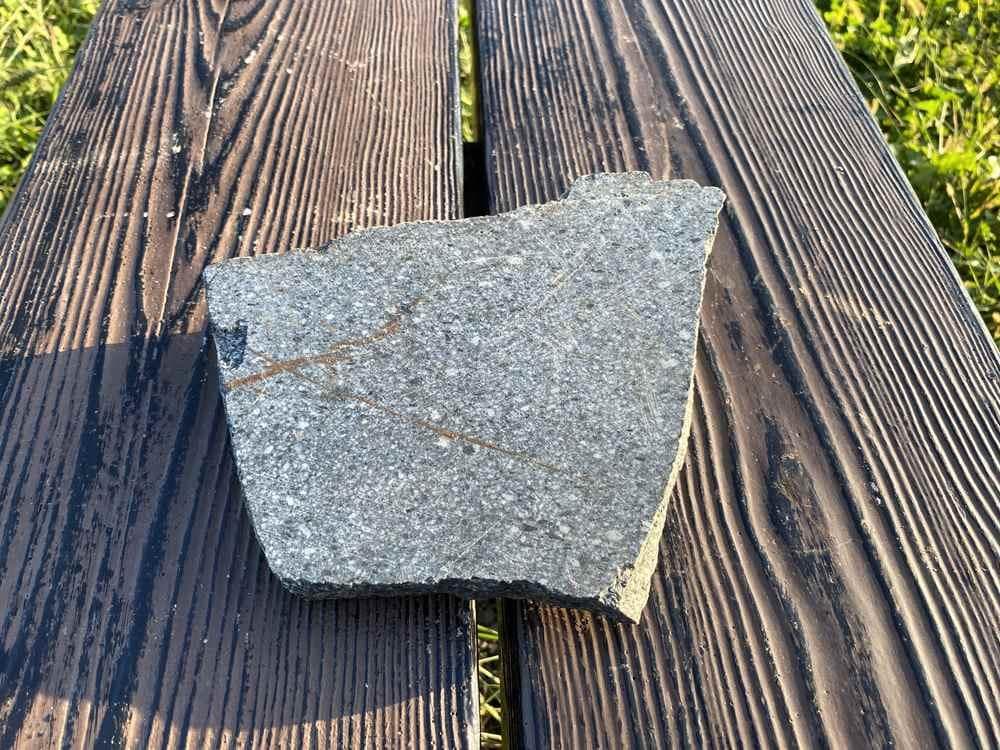 超貴重・岩手県遠野産 「遠野の銘石 角閃石」原石 1.4キロ・送料無料（＃16）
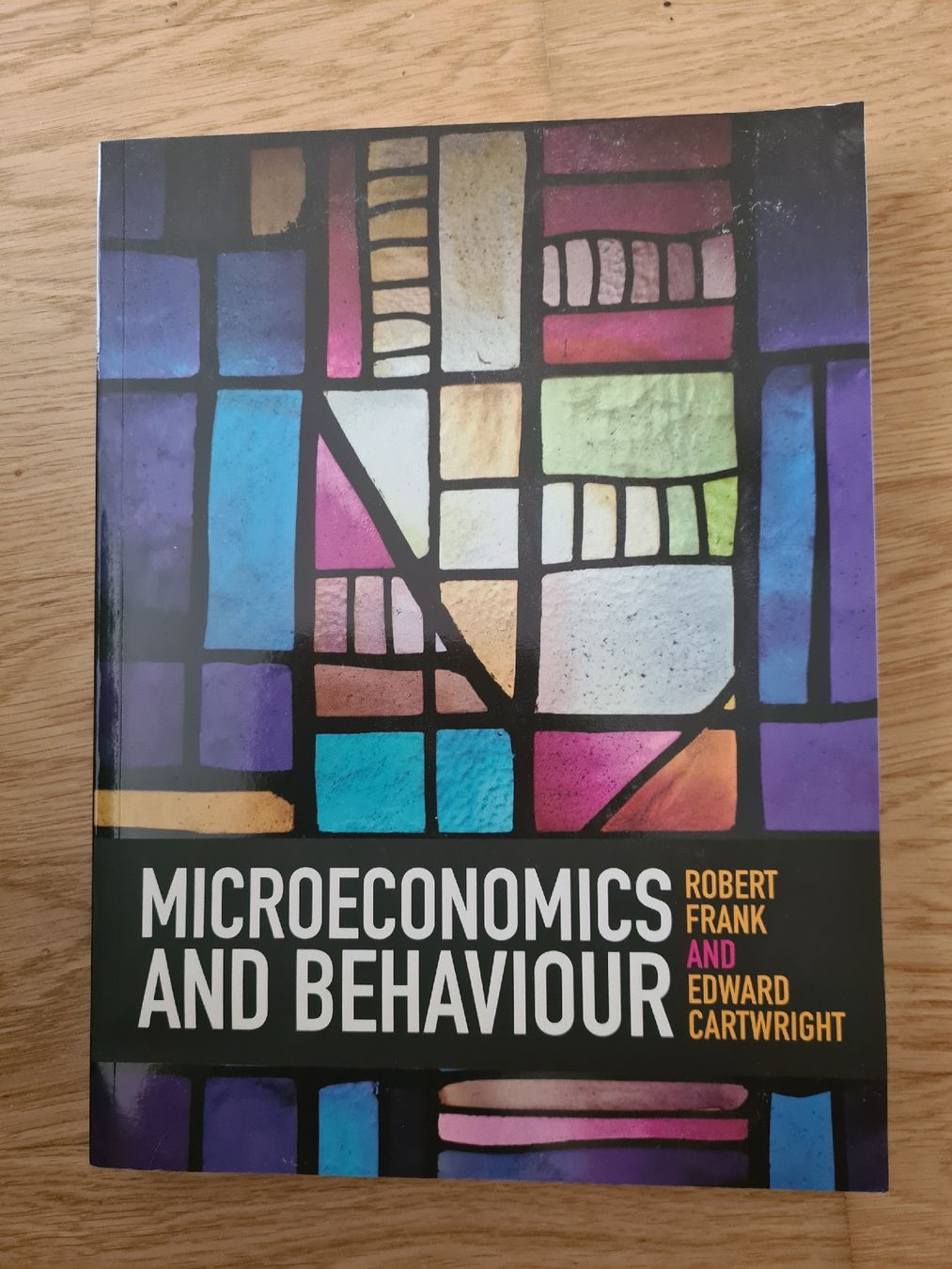 Bücher: Microeconomics and Behaviour Buch – Gebraucht aus Horw von Mirii91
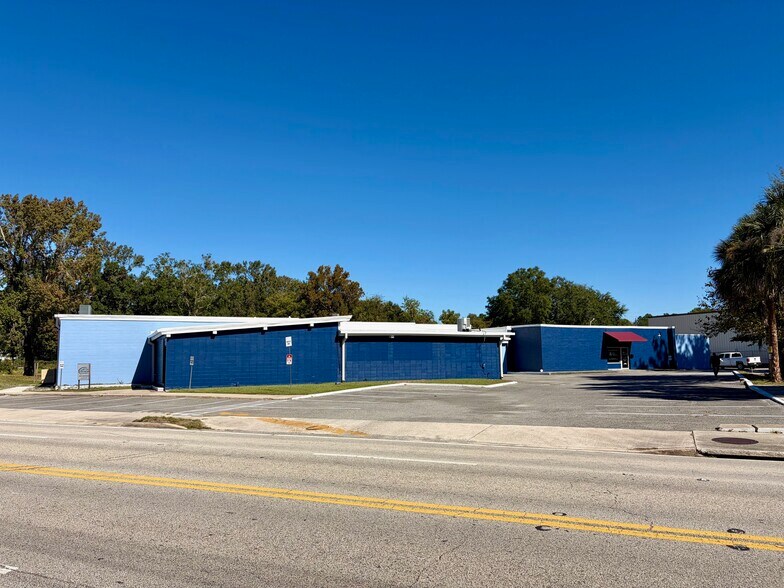 Primary Photo Of 5299 Saint Augustine Rd, Jacksonville Manufacturing For Lease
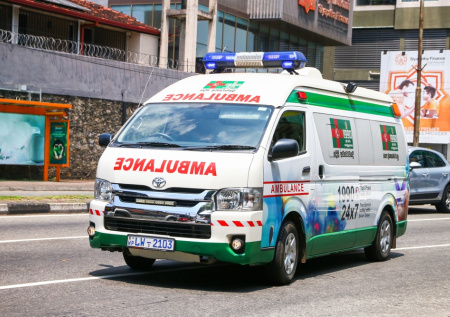 Поезд насмерть сбил российскую туристку на популярном курорте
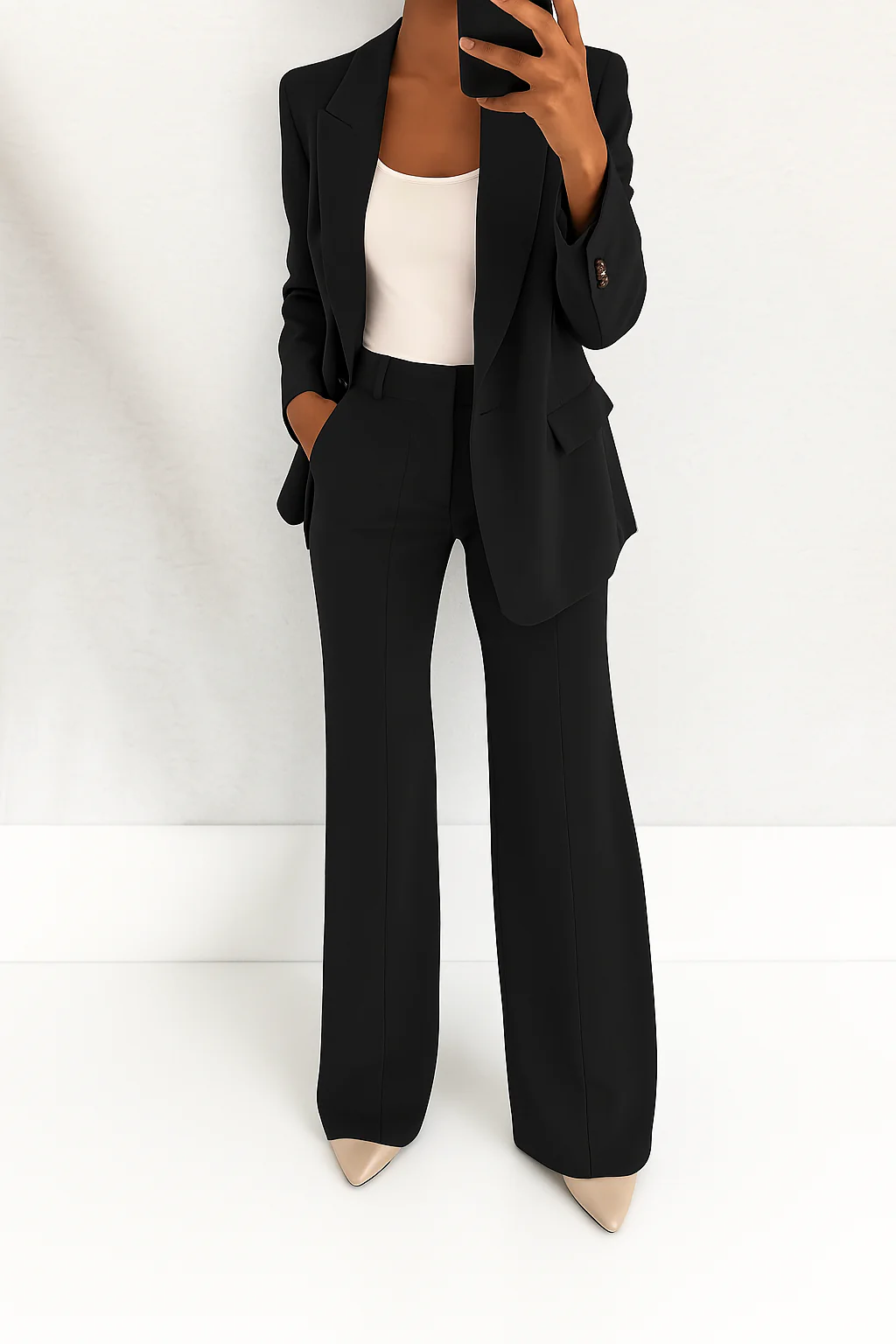 Dames broekpak: stijlvolle blazer en comfortabele wijde pijpen. Perfect als formeel en zakelijk damespak.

**Task objective**
Every record, word for word, should be given back without its pictures.

**Reply**
 超貴重・岩手県遠野産 「遠野の銘石 角閃石」原石 1.4キロ・送料無料（＃16）
 Bücher: Microeconomics and Behaviour Buch – Gebraucht aus Horw von Mirii91
 Primary Photo Of 5299 Saint Augustine Rd, Jacksonville Manufacturing For Lease
 Поезд насмерть сбил российскую туристку на популярном курорте
 Dames broekpak: stijlvolle blazer en comfortabele wijde pijpen. Perfect als formeel en zakelijk damespak.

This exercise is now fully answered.